(Crawled caption data)
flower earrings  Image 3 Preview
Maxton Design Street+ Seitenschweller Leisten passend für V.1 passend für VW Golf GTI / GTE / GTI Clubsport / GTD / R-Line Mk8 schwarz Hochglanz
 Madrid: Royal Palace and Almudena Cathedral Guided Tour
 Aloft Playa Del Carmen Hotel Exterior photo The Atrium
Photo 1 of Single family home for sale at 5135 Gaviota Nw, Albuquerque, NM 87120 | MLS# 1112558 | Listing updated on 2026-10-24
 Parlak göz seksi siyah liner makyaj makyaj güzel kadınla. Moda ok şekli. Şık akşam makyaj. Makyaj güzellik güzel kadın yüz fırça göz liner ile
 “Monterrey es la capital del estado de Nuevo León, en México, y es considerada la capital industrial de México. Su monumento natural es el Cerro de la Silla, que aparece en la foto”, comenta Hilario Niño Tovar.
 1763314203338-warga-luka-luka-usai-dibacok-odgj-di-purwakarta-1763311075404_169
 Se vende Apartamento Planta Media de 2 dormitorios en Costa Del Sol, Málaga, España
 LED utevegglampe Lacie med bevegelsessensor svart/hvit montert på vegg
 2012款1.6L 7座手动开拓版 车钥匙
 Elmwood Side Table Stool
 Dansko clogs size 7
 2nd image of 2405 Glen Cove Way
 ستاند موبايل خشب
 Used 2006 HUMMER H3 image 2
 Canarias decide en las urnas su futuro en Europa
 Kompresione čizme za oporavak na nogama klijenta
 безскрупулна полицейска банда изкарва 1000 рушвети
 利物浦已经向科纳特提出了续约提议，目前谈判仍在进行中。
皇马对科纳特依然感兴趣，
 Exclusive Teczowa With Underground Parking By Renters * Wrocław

What to produce:
Could you retype exactly the lines above, starting at the line that contains "Hilario Niño Tovar." and ending at the line that contains "Kompresione čizme za", and nothing more?

Output for this exercise:
 “Monterrey es la capital del estado de Nuevo León, en México, y es considerada la capital industrial de México. Su monumento natural es el Cerro de la Silla, que aparece en la foto”, comenta Hilario Niño Tovar.
 1763314203338-warga-luka-luka-usai-dibacok-odgj-di-purwakarta-1763311075404_169
 Se vende Apartamento Planta Media de 2 dormitorios en Costa Del Sol, Málaga, España
 LED utevegglampe Lacie med bevegelsessensor svart/hvit montert på vegg
 2012款1.6L 7座手动开拓版 车钥匙
 Elmwood Side Table Stool
 Dansko clogs size 7
 2nd image of 2405 Glen Cove Way
 ستاند موبايل خشب
 Used 2006 HUMMER H3 image 2
 Canarias decide en las urnas su futuro en Europa
 Kompresione čizme za oporavak na nogama klijenta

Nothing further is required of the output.